The need for infrastructure management
The scope of digital transformation extends beyond the technology realm—much into every corner of an organization. Full-fledged transformations can only be achieved with proper infrastructure capable of handling newer and evolving technologies, as every end user's experience matters in running a sustainable business, and infrastructure management plays a vital role in achieving seamless operations across diverse platforms—especially in hybrid and multi-cloud environments.
With technologies like AIOps, and multi-cloud infrastructures gaining prominence, IT teams now seek to implement customer-centric IT management policies in ensuring business processes are abreast. Also, with the new business continuity plans in place, technologies like virtual private networks (VPNs) and virtual desktop infrastructure (VDI) have become the focal point. However, digital transformation initiatives should consider digital diversity, network agility, and various infrastructure components in order to successfully align IT with every business unit.
Digital diversity management
Digital transformation reinvents processes, causing variations in existing operations thus increasing digital diversity, or the spectrum of assets and technologies implemented at a business. With diverse digital assets, discovering and monitoring various components that will directly or indirectly affect a business is now a top priority. Businesses need a proper strategy for managing diverse infrastructure components to avoid major issues due to unaccountability; ideally, details should be presented from a single console.
Network agility, the backbone of digital transformation
Networks form the foundation for digital transformation, IT operations, and many of the services that businesses rely on. As IT teams are increasingly focused on greater availability and performance, both hardware and software infrastructures might require an overhaul to incorporate newer technologies like fifth-generation wireless networks (5G), edge computing, and AI to enhance operational efficiency.
To keep up with this change, network teams should consider adopting emerging trends like software-defined wide area networks (SD-WANs). This technology reduces the dependency on infrastructure, thus increasing the network agility. SD-WAN enables IT teams to implement updates through one centralized portal, even for different geographies, instead of having to work in multiple silos. Additionally, maintaining and monitoring the infrastructure that supports remote work is even more important these days.
Interaction between infrastructure components
Infrastructure components interact through networks, services, and applications.
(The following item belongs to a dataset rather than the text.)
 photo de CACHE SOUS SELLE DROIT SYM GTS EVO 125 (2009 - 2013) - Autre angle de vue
Studying and analyzing the network path and map is crucial, as these provide a snapshot of the entire infrastructure, which in turn helps in seamless management of IT operations and systems.
With hyper-converged storage, virtualized networking, and hybrid IT environments, businesses can now integrate new components with older hardware and software to achieve smoother component interactions.
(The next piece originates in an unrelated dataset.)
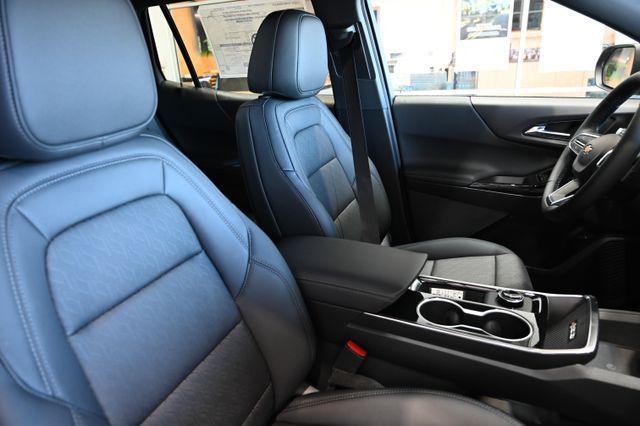 new 2026 Chevrolet Equinox car, priced at $32,550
Digital experience management
In a 2018 survey, McKinsey and Company found that only 16 percent of organizations reported improved performance after their digital transformations. Businesses can increase their chance of a successful digital transformation by engaging in proper planning and prioritizing user experience at every step, starting with infrastructure. All these new digital business processes have to be properly planned and streamlined, and this can only be achieved through stage-by-stage monitoring and analysis.
Thus, digital transformation shouldn't stop with digitalization. To sustain the reality and reap benefits on a long run, businesses should consider monitoring not only at an infrastructure level, but also the different layers involving websites, networks, applications, cloud, hybrid cloud, private cloud (due to compliance reasons), the user experience, and work-from-home infrastructure; preferably from a single console.